ABD Başkanı Donald Trump’ın Çin menşeli ürünlere yönelik gümrük vergisi oranlarını artırma kararının ardından, Çin hükümeti karşılıklı tarifelerin tamamen kaldırılmasını talep etti. Çin Ticaret Bakanlığı tarafından yapılan açıklamada, ABD’nin attığı muafiyet adımı "küçük bir hamle" olarak nitelendirilirken, tarafların karşılıklı saygıya dayalı bir diyaloğa dönmesi gerektiği vurgulandı. Trump ise yaptığı sosyal medya açıklamasında, teknoloji ürünleri için muafiyetin geçerli olmadığını ve bu ürünlerin ayrı bir vergi paketine dahil edileceğini belirtti.
ABD, 11 Nisan’da bazı akıllı cihazlar ve yarı iletkenler için vergi muafiyeti açıklamış ancak bu açıklama kısa süre içinde çelişkili bilgilerle gündeme gelmişti. Trump, bu muafiyetin yalnızca sınırlı bir kapsama sahip olacağını dile getirdi. Gümrük vergilerinin iPhone gibi teknoloji ürünlerinin ABD’deki perakende fiyatlarını ciddi oranda artırabileceği yönünde değerlendirmeler yapılırken, muafiyet açıklaması tüketiciler açısından geçici bir rahatlama yaratmıştı. Ancak Çin tarafı, bu muafiyetin kalıcı çözümler üretmekten uzak olduğunu ifade etti.
Çin Devlet Başkanı Şi Cinping ise bir gazeteye yazdığı makalede ticaret savaşlarının kazananı olmayacağını ve bu tür yöntemlerle yapıcı sonuçlar elde edilemeyeceğini vurguladı. ABD’nin uygulamaya aldığı yeni vergi tarifeleri, Çin ile birlikte Vietnam, Tayland ve Japonya gibi Asya ülkelerini de doğrudan etkiliyor. Çin, ABD’nin bu yaklaşımda ısrar etmesi halinde “sonuna kadar mücadele edeceğini” açıkladı. Aynı süreçte Çin tarafı da ABD’den ithal edilen mallara yönelik gümrük vergilerini kademeli olarak artırarak karşılık verdi.
Trump yönetimi, gümrük tarifelerini küresel ticaret sisteminde “adil olmayan uygulamalara” karşı bir müzakere aracı olarak savunuyor.
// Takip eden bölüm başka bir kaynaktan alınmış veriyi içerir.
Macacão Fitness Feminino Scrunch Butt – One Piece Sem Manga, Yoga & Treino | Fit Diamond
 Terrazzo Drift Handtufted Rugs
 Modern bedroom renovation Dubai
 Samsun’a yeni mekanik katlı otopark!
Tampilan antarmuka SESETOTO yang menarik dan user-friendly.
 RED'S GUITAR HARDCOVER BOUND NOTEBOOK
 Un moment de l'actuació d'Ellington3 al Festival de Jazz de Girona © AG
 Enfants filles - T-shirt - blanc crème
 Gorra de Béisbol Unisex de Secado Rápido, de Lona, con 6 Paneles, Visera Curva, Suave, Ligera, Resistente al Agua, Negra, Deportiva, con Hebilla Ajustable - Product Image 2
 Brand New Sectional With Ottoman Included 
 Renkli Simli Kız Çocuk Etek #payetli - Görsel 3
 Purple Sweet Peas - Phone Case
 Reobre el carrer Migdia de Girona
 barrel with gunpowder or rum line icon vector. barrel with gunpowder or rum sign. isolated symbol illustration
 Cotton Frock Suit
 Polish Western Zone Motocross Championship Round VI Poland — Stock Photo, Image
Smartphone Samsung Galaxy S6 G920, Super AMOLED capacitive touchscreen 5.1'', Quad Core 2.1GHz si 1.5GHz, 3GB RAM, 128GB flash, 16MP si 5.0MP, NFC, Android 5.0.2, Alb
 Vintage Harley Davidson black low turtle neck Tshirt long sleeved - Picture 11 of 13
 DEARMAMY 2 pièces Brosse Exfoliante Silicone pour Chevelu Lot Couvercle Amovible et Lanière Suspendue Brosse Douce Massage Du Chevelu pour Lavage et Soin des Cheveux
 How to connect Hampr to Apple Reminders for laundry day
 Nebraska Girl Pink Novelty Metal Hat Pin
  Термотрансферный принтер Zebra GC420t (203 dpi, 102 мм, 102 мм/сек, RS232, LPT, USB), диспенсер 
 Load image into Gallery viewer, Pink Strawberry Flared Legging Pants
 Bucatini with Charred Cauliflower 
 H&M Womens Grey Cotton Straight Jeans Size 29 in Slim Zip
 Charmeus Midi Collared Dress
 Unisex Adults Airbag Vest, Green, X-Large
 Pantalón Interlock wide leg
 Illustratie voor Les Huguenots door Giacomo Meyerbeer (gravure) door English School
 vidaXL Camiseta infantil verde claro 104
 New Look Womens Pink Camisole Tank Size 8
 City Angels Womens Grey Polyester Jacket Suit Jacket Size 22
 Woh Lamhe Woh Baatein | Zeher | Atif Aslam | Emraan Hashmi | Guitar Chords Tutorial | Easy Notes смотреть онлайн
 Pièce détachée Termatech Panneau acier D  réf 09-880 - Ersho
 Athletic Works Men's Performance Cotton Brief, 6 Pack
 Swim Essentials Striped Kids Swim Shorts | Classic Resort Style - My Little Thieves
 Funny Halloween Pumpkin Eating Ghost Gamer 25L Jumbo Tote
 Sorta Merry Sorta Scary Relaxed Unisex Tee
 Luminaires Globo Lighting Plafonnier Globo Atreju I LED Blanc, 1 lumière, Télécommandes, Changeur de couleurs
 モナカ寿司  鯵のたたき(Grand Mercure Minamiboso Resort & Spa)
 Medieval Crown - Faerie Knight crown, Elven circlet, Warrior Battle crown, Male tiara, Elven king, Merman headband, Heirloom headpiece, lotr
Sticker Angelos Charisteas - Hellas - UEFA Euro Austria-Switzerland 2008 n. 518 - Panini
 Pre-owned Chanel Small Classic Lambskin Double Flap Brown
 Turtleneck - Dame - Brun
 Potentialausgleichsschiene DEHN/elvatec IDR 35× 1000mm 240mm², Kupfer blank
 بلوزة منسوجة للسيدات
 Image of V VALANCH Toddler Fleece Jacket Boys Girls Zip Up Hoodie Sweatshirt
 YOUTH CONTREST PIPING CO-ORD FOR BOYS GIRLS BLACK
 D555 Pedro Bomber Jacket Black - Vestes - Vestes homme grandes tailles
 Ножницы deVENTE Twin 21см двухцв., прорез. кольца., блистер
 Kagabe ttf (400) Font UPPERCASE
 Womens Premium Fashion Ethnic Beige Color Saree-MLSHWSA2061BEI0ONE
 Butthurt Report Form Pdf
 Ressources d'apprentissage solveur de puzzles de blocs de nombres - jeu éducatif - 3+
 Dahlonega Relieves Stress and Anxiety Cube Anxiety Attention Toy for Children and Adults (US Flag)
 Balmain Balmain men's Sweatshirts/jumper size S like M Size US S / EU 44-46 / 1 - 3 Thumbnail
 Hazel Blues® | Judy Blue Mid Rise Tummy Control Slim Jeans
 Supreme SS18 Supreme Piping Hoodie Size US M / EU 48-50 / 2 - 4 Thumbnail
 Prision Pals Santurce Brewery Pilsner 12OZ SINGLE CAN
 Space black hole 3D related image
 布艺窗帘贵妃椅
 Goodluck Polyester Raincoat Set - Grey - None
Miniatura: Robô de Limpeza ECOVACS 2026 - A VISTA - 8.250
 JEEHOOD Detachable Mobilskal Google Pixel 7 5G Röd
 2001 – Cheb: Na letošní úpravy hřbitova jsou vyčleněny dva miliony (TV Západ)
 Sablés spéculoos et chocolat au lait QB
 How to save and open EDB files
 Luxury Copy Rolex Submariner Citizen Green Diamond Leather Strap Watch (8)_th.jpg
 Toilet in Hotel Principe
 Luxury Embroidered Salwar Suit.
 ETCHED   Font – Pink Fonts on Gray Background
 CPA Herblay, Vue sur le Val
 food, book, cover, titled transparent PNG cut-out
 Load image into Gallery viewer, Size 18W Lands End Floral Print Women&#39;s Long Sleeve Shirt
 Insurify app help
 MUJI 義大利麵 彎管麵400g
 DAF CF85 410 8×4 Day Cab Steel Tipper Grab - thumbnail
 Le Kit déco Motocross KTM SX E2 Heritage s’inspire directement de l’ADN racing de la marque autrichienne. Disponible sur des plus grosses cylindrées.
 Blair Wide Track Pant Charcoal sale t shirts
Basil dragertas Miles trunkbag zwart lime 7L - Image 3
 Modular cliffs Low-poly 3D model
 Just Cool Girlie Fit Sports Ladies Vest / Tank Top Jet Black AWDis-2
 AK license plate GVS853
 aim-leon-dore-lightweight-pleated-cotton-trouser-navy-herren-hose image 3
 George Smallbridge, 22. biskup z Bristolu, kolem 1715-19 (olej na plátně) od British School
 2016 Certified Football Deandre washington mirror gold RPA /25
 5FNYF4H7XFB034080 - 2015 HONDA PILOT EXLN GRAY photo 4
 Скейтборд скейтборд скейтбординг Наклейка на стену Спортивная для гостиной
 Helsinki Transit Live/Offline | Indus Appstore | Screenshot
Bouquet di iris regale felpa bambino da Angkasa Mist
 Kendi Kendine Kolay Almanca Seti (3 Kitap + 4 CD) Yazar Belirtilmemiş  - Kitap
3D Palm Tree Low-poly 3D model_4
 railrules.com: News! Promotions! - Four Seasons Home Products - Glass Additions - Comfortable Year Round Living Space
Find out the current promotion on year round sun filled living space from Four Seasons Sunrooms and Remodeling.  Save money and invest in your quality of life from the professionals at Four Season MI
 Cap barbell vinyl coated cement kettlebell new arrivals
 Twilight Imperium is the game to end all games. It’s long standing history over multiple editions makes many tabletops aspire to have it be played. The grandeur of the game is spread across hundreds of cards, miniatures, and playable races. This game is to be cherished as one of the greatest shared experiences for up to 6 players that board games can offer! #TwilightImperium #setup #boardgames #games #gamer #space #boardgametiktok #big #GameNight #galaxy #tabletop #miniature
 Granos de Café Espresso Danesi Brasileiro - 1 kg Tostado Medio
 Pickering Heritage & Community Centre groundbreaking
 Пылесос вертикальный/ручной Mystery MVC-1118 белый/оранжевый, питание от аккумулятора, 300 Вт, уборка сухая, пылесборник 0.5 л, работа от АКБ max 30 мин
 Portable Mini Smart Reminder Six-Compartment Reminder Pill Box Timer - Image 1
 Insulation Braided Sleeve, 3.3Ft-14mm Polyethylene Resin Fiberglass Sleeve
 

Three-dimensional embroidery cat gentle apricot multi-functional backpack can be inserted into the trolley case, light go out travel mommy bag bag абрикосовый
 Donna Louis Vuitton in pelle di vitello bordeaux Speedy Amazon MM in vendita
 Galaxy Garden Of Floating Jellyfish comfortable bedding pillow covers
Beyaz Saray, bu politikaların ABD'de istihdamı ve üretimi artıracağını öne sürerken, eleştirmenler uygulamaların küresel ticaret hacmini daraltabileceği ve ekonomik durgunluk riskini tetikleyebileceği görüşünde. Uzmanlar, ABD ile Çin arasındaki ticaret açığının bu politikaların temel gerekçesi olduğunu belirtse de, artan belirsizliklerin finansal piyasalarda dalgalanmalara neden olmaya devam ettiği gözlemleniyor.